— Точно, — вздохнул седоусый. — Завербовал вас Андромедов. Вы ведь имеете отношение к Большой Науке, извините за назойливость?
— То, чем я сейчас занимаюсь, как раз граничит с любительством, а то и шарлатанством, — ответил Визин. «Ах, послушал бы Коля!»
— Разыгрываете меня, — опять вздохнул старик.
— Нет. Я, если хотите, работаю над проблемами суеверий.
— Так ведь это то, что надо!
— Для чего надо?
— Для той самой лекции.
— Видите ли, я как раз и думаю, что такие лекции — проявление откровенного суеверия.
— Я вас не понимаю… Получается что-то вроде того, что научная позиция — суеверие, а андромедовщина — нет, так что ли?
— Я этого не сказал. Я вообще не знаю, что такое андромедовщина.
— Вы не подумайте, — печально заявил вдруг старик, — что я какой-то там ретроград, враг мечтаний, дерзаний…
— Ради бога, я не думаю так.
— Уж если говорить вашими словами, то мое, выходит, суеверие в том, что я за то, чтобы сперва навести порядок на земле. И первая задача, чтобы мир не шатался, не делился, чтобы никаких угроз. А потом уж можно по-серьезному и за оболочку нацелиться. — Он показал глазами в потолок. Суеверие?

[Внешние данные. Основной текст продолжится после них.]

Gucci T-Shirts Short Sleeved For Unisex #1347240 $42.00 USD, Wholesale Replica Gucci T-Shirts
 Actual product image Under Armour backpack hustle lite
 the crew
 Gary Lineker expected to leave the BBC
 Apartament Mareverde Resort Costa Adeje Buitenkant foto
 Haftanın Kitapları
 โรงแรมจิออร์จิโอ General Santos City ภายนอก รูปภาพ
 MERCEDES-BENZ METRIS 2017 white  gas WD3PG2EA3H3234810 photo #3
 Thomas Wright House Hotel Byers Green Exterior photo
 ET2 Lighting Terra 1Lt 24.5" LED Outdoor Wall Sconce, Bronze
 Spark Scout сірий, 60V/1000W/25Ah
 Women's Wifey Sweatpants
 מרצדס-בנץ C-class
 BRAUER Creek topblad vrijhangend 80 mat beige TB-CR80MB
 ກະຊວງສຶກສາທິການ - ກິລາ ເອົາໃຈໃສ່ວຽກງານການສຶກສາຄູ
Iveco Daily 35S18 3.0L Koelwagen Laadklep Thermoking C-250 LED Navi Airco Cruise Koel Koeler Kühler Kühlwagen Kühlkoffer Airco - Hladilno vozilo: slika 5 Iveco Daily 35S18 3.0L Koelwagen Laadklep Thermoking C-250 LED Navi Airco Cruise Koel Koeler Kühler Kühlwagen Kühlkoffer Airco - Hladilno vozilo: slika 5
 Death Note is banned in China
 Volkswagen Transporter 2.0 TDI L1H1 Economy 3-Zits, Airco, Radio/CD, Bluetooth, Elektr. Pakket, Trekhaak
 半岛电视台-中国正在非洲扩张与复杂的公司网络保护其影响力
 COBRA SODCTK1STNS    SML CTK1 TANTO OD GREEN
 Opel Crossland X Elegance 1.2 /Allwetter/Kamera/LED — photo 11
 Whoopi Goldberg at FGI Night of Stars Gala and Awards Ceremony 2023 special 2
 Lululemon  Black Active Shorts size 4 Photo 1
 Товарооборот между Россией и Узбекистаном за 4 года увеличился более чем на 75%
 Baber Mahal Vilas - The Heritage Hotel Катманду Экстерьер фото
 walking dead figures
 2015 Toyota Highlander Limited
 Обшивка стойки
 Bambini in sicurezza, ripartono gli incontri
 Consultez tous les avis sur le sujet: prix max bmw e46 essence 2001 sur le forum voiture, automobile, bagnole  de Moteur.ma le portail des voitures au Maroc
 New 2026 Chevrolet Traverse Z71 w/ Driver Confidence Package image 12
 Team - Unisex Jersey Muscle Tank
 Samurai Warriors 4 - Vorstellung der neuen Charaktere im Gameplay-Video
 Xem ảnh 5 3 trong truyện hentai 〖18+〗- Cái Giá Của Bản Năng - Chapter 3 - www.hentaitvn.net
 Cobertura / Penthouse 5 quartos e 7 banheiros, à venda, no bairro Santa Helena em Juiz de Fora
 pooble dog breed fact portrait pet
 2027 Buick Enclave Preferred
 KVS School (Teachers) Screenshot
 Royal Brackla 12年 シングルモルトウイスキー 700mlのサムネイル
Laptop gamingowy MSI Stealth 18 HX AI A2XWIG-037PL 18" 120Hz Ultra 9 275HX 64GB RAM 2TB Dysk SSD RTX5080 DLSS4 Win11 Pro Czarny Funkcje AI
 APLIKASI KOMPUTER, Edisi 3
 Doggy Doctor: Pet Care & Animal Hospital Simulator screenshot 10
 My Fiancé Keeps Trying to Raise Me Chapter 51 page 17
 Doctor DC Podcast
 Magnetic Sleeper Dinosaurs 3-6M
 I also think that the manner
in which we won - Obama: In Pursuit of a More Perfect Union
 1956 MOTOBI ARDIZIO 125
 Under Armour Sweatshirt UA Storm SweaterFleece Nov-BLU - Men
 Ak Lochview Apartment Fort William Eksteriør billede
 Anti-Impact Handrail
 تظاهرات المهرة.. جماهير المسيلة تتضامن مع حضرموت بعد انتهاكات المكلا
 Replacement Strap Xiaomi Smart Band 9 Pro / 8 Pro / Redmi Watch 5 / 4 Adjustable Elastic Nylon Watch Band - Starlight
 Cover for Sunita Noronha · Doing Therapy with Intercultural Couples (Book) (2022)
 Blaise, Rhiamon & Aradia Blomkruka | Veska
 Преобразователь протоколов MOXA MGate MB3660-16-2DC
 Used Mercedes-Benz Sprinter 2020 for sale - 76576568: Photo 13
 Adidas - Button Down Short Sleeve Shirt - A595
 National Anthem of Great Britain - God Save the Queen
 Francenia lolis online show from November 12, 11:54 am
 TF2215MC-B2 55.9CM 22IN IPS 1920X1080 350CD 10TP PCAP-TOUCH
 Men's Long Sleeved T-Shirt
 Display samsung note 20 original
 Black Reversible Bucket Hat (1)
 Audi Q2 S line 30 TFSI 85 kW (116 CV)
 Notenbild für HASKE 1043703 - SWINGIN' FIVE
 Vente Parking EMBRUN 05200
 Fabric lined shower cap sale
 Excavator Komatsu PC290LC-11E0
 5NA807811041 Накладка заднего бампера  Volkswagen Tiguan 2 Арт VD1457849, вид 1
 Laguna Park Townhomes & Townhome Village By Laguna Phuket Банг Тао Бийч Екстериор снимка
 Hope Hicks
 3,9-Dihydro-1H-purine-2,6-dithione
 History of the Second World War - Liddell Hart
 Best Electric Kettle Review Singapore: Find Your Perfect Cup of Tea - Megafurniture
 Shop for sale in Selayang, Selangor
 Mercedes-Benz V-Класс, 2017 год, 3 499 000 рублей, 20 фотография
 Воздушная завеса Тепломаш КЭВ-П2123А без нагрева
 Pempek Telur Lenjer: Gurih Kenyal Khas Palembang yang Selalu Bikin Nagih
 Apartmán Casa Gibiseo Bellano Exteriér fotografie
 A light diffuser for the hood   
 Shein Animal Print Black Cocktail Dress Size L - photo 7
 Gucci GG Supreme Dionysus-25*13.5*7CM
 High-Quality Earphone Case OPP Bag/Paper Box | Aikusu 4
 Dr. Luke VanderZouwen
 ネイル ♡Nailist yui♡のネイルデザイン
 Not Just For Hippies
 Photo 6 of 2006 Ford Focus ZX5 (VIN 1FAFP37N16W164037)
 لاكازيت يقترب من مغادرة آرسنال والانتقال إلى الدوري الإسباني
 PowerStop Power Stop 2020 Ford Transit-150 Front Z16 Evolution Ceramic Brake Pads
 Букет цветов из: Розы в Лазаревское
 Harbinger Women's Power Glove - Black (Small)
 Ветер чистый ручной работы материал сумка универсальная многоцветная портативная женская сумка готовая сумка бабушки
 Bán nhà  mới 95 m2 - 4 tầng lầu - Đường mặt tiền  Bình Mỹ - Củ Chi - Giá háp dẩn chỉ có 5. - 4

— Суеверие, — сказал Визин.
— Что ж тогда, по-вашему, не суеверие? Наука — суеверие, мир на земле суеверие… Где несуеверие-то?
— Несуеверие в трезвости. — Визин отодвинул газеты, потому что вода со шляпы седоусого уже подбиралась под нижнюю, и край ее посерел. — Не нужно ни из чего делать жупела. Когда говорят «наука всесильна» — это жупел. Когда утверждают, что она ни черта не может, — тоже жупел. Перестаньте лезть в небо, пока на земле чехарда, — опять жупел. Таково мое мнение. Ориентировочно. Ну, а мир на земле — тут уж извините, тут я вам не говорил, что это — суеверие. Стоящие вещи можно делать только тогда, когда нет драки — здесь двух мнений быть не может.
— Интересная у вас позиция. — Во взгляде старика появилось любопытство. — Когда ее не было, драки-то?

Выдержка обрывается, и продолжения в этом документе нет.